緊張で震える体をなんとか抑え込んで、俺は首元に手をやった。

「あの、それ、このッ!?」

でも、上手く言えない。
どう、説明すればいいのだろう。
言葉が出てこなくて、喉元に絡むそれを俺は必死に言葉にしようと頭をフル回転させた。

「うん、とりあえずその手をどけてみなよ」

にたり、そんな表現がぴったりだと思われる笑みが、ヒバリさんの顔に広がった。

見せつけ




「い、いやです!」

ヒバリさんは俺の横に座っていて、優雅に自分のカップに口をつける。
長い足を組む姿は、正直格好いい……じゃなくて! 今はそれじゃなくて!

「どうして?」
「…どうしてって…!」

俺は未だに胸元のシャツを掻き合わせる手を離せないでいた。
ご、獄寺君が変なこと言うから、余計に、なんか……ッ!!
顔が赤くなるのを自覚しつつも、俺はどうする事も出来ずに眉間に皺を寄せる。
うーとか、あーとか、そんな言葉しか出てこない…。
するとふっとヒバリさんの瞳が和らいだ。思わず俺は、その表情に見惚れてしまった。
ヒバリさんの手がカップを置いて、そのまま俺の耳に掛かる髪を撫でつける。

「……ぁ…」

――キス、される…

自然と顔が近付いて、唇が触れた。
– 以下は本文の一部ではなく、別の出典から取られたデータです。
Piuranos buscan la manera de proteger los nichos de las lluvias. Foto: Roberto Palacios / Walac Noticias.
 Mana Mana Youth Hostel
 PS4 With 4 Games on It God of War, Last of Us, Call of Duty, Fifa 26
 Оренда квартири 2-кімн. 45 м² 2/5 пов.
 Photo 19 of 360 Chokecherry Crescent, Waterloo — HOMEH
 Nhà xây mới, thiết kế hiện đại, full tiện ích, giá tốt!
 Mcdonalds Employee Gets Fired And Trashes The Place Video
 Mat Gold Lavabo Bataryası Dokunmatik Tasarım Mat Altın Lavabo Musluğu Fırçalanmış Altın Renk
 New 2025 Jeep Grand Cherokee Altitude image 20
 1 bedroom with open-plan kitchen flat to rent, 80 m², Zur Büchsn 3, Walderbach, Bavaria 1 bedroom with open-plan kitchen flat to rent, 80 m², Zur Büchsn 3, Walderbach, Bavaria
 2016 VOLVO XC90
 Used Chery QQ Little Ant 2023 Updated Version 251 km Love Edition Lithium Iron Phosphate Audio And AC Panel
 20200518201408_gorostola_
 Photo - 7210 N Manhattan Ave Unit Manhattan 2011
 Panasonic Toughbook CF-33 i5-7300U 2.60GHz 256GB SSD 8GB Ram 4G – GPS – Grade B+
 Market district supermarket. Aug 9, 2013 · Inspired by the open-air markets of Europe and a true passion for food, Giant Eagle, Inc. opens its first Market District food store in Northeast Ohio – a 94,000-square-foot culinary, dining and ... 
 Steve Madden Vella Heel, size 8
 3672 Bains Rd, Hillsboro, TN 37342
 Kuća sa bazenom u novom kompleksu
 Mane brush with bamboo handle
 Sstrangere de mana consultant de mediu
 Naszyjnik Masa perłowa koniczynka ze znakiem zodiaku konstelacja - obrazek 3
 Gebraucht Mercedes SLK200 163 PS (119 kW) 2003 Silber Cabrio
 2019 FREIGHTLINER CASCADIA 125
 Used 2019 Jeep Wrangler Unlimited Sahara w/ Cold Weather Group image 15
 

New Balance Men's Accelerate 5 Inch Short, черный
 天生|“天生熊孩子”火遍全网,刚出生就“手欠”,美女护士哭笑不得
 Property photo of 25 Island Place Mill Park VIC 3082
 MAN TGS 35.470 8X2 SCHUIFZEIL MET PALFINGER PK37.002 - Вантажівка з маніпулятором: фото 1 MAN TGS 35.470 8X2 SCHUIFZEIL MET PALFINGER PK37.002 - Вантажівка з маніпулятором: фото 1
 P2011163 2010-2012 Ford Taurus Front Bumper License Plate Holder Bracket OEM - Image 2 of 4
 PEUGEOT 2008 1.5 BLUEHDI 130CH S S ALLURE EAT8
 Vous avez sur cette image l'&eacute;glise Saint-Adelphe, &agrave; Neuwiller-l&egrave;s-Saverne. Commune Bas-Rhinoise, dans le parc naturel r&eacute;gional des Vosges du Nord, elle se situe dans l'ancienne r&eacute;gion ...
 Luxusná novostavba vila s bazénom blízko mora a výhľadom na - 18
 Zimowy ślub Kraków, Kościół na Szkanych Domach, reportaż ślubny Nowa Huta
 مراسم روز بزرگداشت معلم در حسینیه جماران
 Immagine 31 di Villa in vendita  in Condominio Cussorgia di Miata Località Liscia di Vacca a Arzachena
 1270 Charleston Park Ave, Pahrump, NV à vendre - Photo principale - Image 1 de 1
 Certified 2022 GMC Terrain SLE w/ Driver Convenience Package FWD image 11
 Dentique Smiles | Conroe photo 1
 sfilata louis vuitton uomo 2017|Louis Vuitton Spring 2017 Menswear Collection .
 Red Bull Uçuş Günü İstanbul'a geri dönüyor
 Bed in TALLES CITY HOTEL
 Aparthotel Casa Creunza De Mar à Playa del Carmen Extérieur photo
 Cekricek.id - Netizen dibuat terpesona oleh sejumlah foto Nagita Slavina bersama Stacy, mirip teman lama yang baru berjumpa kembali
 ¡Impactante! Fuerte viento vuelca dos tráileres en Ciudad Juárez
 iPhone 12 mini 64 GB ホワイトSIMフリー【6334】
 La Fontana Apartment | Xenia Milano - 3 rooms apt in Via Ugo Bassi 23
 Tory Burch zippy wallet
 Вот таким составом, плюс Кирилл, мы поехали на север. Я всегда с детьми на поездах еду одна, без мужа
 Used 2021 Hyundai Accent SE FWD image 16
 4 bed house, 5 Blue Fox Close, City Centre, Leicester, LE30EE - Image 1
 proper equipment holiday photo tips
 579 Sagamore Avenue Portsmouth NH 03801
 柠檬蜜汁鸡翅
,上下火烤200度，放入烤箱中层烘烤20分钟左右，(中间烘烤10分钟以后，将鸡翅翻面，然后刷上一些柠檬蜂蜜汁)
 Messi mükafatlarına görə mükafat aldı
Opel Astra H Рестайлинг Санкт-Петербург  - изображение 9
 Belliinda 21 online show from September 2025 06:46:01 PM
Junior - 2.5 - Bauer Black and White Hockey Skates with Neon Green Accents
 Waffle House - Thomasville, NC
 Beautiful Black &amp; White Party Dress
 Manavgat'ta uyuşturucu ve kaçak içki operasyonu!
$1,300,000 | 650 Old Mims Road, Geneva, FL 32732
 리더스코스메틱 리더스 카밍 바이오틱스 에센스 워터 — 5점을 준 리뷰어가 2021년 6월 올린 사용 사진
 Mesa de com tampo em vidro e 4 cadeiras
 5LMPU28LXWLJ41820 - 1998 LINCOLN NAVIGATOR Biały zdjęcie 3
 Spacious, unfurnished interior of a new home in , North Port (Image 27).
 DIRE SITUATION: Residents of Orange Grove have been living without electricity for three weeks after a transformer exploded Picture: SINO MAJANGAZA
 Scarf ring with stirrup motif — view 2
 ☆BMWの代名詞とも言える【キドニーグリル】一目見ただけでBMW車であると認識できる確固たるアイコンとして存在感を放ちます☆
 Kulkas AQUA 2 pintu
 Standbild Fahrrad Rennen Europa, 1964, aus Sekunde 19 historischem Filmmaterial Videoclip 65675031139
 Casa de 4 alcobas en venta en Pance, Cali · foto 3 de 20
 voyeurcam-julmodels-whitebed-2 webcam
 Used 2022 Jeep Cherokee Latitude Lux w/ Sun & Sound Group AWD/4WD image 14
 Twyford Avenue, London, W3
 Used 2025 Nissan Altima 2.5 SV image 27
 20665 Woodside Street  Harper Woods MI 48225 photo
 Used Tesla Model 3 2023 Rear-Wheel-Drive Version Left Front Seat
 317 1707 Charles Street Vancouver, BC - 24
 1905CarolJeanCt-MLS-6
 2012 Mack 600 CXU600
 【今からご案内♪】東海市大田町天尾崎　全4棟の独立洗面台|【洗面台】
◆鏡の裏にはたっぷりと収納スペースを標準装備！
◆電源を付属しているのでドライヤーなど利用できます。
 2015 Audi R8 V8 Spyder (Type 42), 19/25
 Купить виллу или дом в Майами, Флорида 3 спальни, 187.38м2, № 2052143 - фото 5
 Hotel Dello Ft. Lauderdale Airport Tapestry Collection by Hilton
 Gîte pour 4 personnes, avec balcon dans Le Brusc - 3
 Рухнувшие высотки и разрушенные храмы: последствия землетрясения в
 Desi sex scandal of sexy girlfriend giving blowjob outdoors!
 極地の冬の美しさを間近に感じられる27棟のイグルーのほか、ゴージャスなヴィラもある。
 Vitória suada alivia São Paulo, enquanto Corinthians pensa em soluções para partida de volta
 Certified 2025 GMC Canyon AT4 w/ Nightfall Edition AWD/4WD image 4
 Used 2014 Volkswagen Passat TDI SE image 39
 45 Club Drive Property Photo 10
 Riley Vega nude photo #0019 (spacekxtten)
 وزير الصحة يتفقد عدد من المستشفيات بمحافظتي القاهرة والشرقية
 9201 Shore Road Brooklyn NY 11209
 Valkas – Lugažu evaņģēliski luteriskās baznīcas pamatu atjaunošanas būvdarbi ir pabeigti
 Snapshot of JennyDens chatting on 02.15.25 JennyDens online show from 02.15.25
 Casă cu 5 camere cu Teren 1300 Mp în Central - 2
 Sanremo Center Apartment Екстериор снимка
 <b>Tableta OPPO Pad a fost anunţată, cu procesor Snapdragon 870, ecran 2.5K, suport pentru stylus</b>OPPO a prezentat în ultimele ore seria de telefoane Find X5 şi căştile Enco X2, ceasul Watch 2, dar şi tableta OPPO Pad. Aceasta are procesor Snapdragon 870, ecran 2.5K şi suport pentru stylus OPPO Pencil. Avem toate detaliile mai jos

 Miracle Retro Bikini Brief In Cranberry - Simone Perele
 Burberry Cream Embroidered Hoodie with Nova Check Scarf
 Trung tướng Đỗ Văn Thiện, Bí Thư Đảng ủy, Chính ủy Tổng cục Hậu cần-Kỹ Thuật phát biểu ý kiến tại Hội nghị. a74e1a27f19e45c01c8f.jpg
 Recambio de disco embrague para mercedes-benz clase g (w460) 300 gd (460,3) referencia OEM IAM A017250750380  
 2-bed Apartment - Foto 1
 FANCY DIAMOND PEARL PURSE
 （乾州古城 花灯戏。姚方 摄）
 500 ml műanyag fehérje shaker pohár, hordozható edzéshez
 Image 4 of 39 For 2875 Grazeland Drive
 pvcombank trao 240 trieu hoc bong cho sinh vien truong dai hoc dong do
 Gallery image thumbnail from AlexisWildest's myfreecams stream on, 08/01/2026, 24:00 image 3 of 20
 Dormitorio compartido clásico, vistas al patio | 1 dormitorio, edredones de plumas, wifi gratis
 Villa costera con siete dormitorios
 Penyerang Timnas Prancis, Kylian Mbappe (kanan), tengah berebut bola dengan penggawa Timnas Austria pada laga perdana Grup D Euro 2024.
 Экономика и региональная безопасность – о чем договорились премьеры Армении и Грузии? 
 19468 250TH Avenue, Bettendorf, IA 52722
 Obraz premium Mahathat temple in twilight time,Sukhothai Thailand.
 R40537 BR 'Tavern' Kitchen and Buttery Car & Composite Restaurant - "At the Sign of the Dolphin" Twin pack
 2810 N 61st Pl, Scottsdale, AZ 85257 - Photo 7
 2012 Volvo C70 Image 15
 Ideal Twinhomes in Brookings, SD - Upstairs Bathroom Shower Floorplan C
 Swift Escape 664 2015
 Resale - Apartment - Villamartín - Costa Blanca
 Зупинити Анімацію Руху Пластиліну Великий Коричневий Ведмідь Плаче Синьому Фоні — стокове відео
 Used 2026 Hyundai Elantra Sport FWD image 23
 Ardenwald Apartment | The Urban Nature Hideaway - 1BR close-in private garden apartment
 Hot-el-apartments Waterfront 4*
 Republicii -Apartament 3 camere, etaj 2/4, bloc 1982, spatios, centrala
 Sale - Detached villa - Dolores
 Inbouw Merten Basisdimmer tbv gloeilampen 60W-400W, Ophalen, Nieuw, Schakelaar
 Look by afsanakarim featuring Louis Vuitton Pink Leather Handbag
今までは頭の中が真っ白になってた俺だけど、最近はちょっと、余裕が出てきた。
啄ばむように口付けられて、少しだけ出来た唇の隙間にヒバリさんの舌が捻じ込まれた。
ぬるりとした感触に、俺は体を震わせて逃げようとしてしまったけど、ヒバリさんの手がいつの間にか腰にまわされていて、逃げることは叶わなかった。

「…ヒバ…ッ、んぅ…んッ!!」
「…黙って」

吐息が口に当たる。熱いそれに、ぞくりと腰のあたりを何かが駆け抜けていく。
その手が俺の腰を撫でる度に、その感覚が強く、なっていく。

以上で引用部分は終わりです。